Il rischio di finire in un vicolo cieco in poco tempo è molto alto. Le riflessioni del responsabile della protezione civile Arcuri sono certamente da condividere: “Un grande Paese non può dipendere per sempre dalle importazioni e dalle guerre commerciali. Noi siamo un Paese del G7, la seconda manifattura d’Europa è mai come in questo periodo abbiamo dimostrato di essere un Paese straordinario”.
Secondo il Sole 24 ore già “25 aziende del comparto moda producono 200mila mascherine al giorno, che dalla prossima settimana saranno 500mila al giorno e dalla successiva 700mila. E il comparto per l’igiene personale ne produce 200mila al giorno, che saliranno a 400mila la prossima settimana e a 750mila la successiva”.
Coop e Conad si sono impegnate a rifornire le proprie parafarmacie per la vendita di questo prodotto a 80 centesimi per ogni mascherina chirurgica dando probabilmente il via a comportamenti analoghi in tutta la GDO.
Ma, a nostro parere, non è questo il punto. Un grande sforzo concentrato nel tempo per tradursi in un’attività economica durevole ha bisogno di un contesto che la favorisca e la consolidi. La differenza tra mascherine cinesi e nostrane sarà sempre determinata dal costo del lavoro. Difficilmente dalla qualità del prodotto.
Senza dazi oggi improponibili a livello nazionale o europeo, senza rigidi capitolati nelle gare d’appalto pubbliche, senza distorsioni della concorrenza è difficile pensare che il “comprare italiano” sia una garanzia sufficiente per le pur lodevoli scelte imprenditoriali di queste settimane.
Così come un rigido controllo sul prezzo di vendita non può non avere ripercussioni sulle filiere a monte non appena passata l’onda emotiva di questo periodo.
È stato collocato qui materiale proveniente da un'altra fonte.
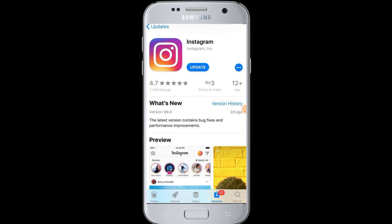When there is an update for Instagram, you will see an update button on your Instagram app in the Play Store. When you tap on the update button, the system will automatically update your Instagram and it will be successful. The app will be updated with new features, and that's how you can update your Instagram application.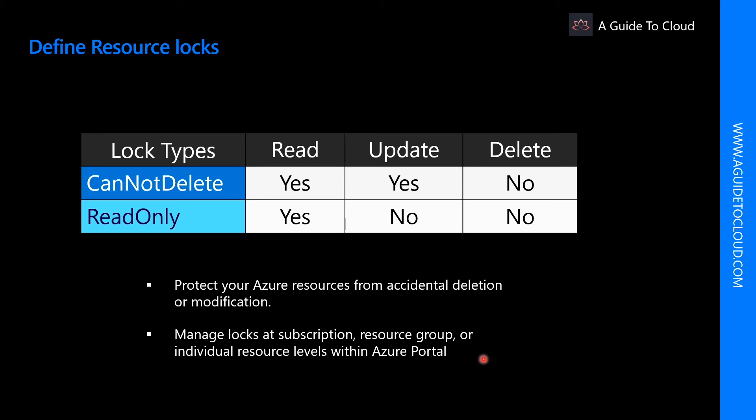Resource locks apply regardless of your RBAC permissions. Even if you are an owner of the resource, you must still remove the lock before you will be able to perform the blocked activity.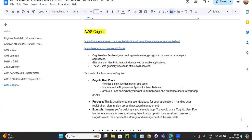Let's continue with our next video in the AWS series. In the last video we covered AWS Cognito, and AWS Cognito has two services. One is Cognito User Pool — we covered what Cognito User Pool is: it's basically a sign-up and sign-in service where it provides a URL to create your account and log in.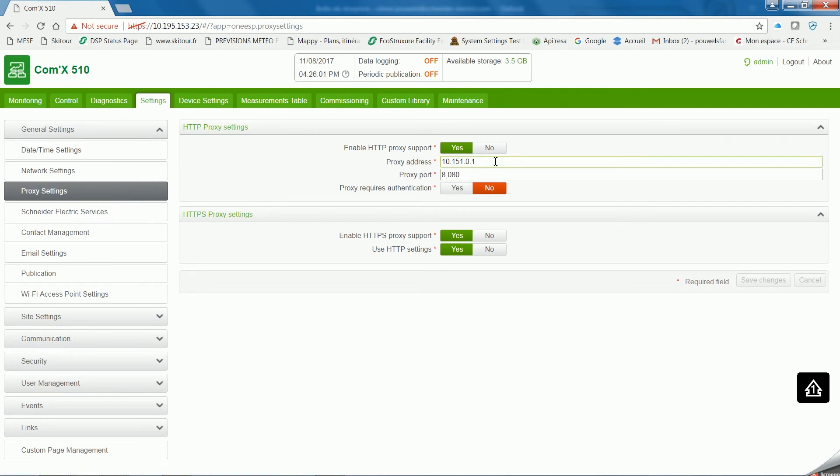Check that all data for proxy address and proxy port are okay. If you have to change it, click on save changes.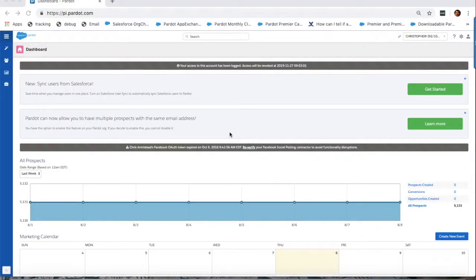Hello, and thank you for joining this quick video on how to trigger a full prospect sync to Salesforce in Pardot.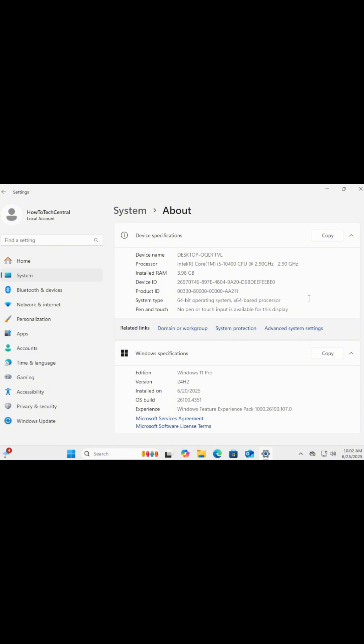If you see 64-bit, great. You can use the modern version of Windows that supports more memory and apps. If it says 32-bit, you're using an older system. Some newer apps might not work on it. That's it.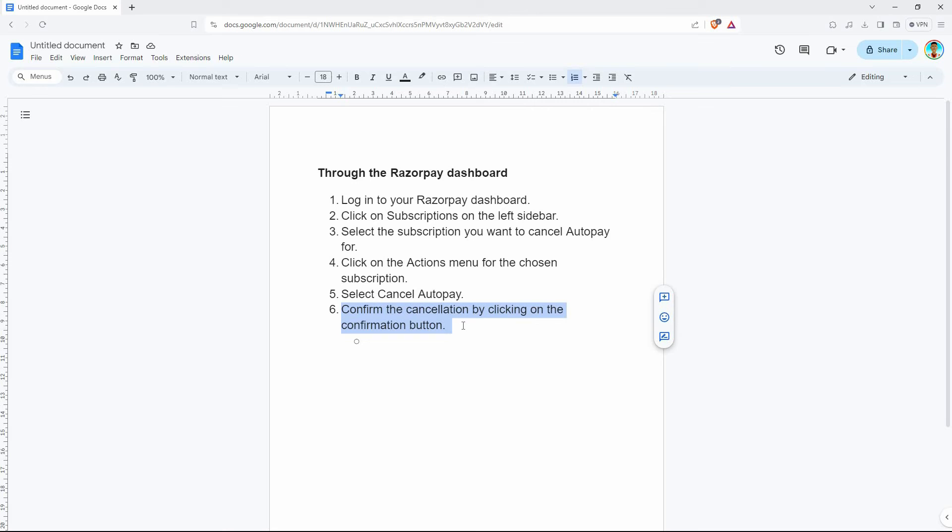Finally, confirm the cancellation by clicking on the confirmation button. It's always recommended to double-check your information and confirm the cancellation before proceeding.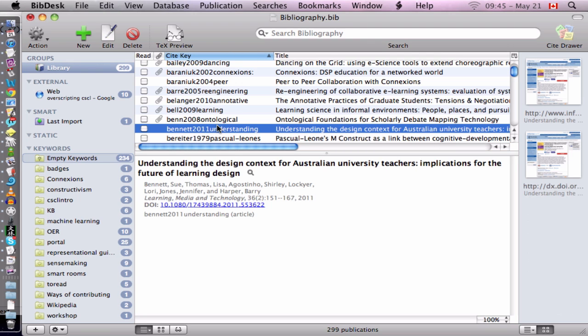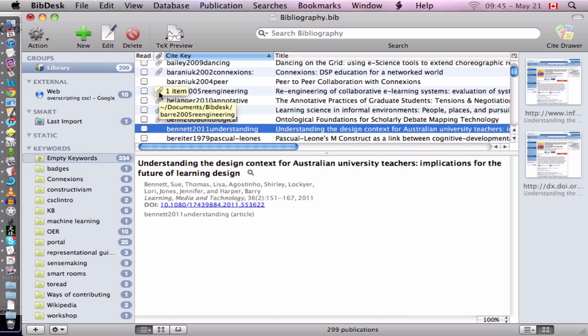I can select one of these and if you see this icon here, it shows whether there is an attached PDF or not. So I try to keep my library as complete as possible. I'd like to have PDFs for every single citation that I have.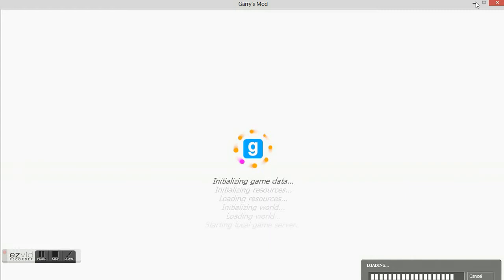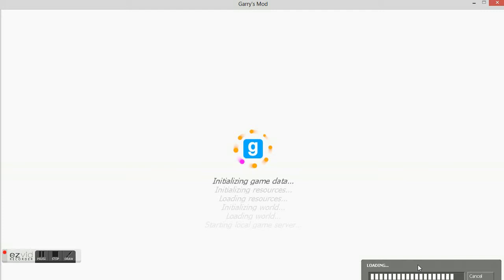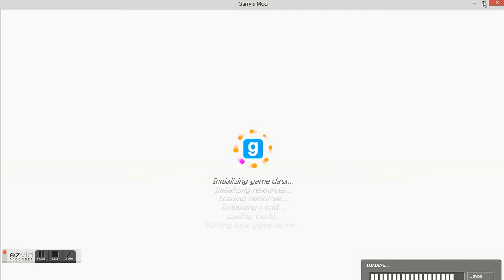I'm using a laptop on this Garry's Mod. It's loading, almost done.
Le mascherine sono solo la punta dell’iceberg. L’italianità di alcune produzioni o prodotti ritenuti strategici è certamente da perseguire. Ma questo ha delle conseguenze che non vanno sottovalutate. Altrimenti ci si accontenta di boutade propagandistiche che non ci portano da nessuna parte.
Certo che l’IVA al 22% sulle mascherine, dato che è sono obbligatorie e a tutti gli effetti un presidio salvavita, fa inorridire…
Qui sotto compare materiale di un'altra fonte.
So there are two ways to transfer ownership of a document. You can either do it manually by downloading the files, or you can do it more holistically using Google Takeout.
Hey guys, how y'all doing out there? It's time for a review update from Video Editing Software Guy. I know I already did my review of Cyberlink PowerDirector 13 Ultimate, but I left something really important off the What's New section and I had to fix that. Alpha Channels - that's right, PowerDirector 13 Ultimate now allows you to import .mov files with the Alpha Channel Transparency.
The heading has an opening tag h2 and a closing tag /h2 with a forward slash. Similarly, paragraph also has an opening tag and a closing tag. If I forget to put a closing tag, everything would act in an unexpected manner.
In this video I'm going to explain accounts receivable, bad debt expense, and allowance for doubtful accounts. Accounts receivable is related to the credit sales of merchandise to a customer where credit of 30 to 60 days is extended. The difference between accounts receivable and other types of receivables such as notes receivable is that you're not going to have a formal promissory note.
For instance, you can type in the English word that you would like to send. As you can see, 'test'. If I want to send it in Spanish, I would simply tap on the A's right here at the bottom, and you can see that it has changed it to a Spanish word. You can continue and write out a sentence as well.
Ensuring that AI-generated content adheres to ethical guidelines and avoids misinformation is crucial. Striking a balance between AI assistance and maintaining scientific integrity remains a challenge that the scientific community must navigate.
Analisi e riflessioni competenti, le condivido.
Al dire tanto per dire, boutade ? Preferisco un pensiero strategico per domani, per dare un futuro concreto ai nipoti !
L’immagine che ho davanti oggi, sono il ponte ,i ponti liguri crollati, e i ponti romani ancora usufruibili, ripensiamo il futuro rendendolo testimonianza incrollabile
Grazie per quanto state seminando!
Credo che bisogna avere dei prezzi alla vendita omogenei, controllando la filiera dalla produzione alla vendita.
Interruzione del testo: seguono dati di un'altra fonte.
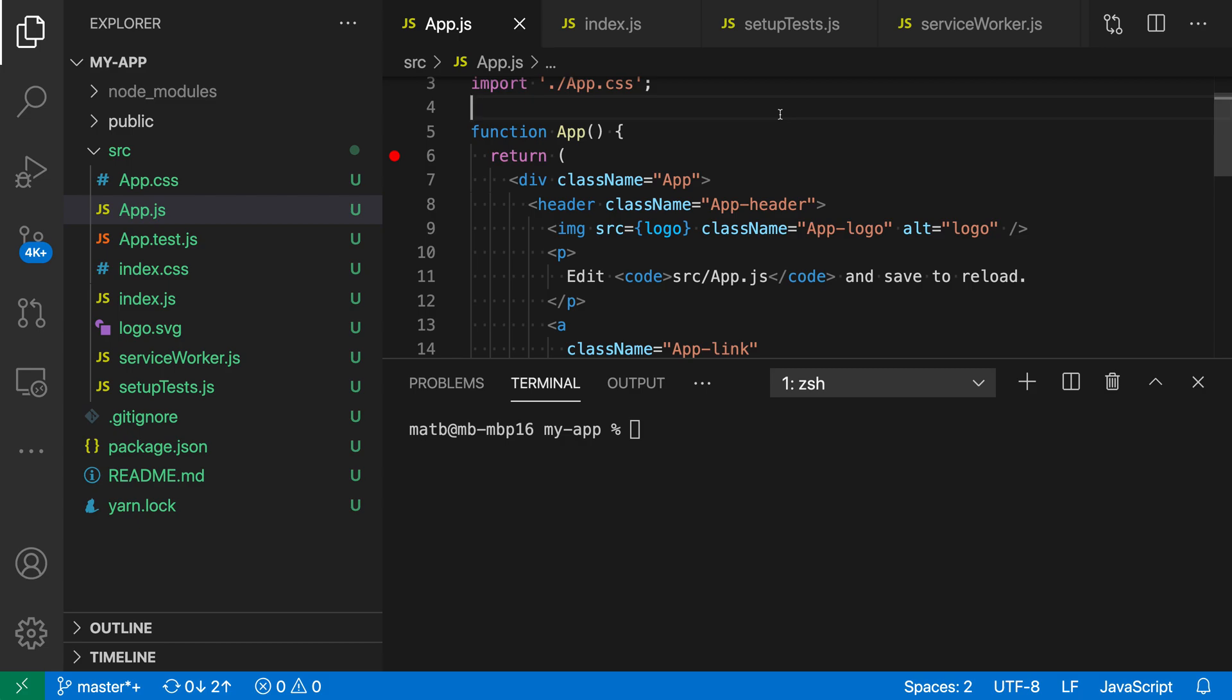To demonstrate this, here I have a simple React app created using Create React App, and say that we actually wanted to debug the JavaScript that is served up to the user and is run on the web page.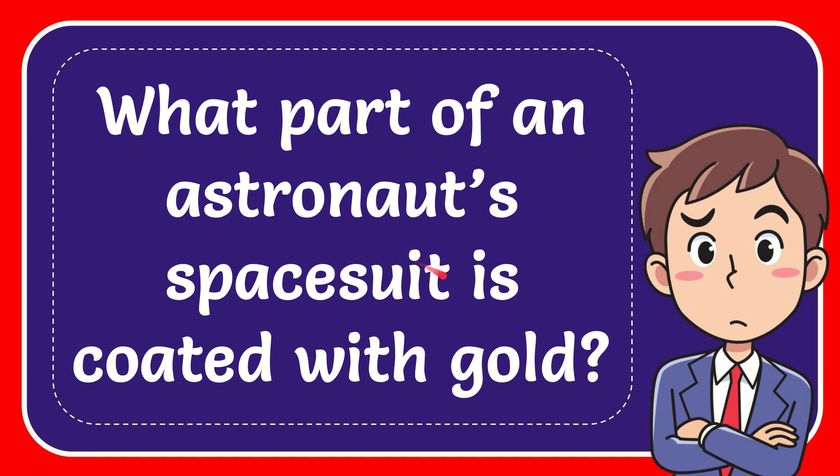In this video I'm going to give you the answer for this question. The question is what part of an astronaut's spacesuit is coated with gold?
Daccordo il prodotto cinese costa di meno alla produzione, ma tra trasporto e dogana, la differenza finale dovrebbe essere minima e abbordabile commercialmente.
Il consumatore, a parità di qualita’ sceglie sempre quello che costa meno, sia che sia Cinese…o..Italiano.
È vero che l’ECCESSO di globalizzazione crea il pericolo reale dello spostamento di produzioni di prodotti basici, come dpi sanitari (e non solo sanitari), fuori dal Paese. Però mi auguro che l’esperienza tragica che stiamo vivendo sia di insegnamento.
Si rende necessario individuare, per quanto possibile, una lista di questi prodotti e correre ai ripari, prendere provvedimenti adeguati alle necessità e alle emergenze di un Paese come il nostro, che conta più di 60milioni di abitanti.
Ecco, la speranza è che, passata l’emergenza, non passi tutto nel dimenticatoio.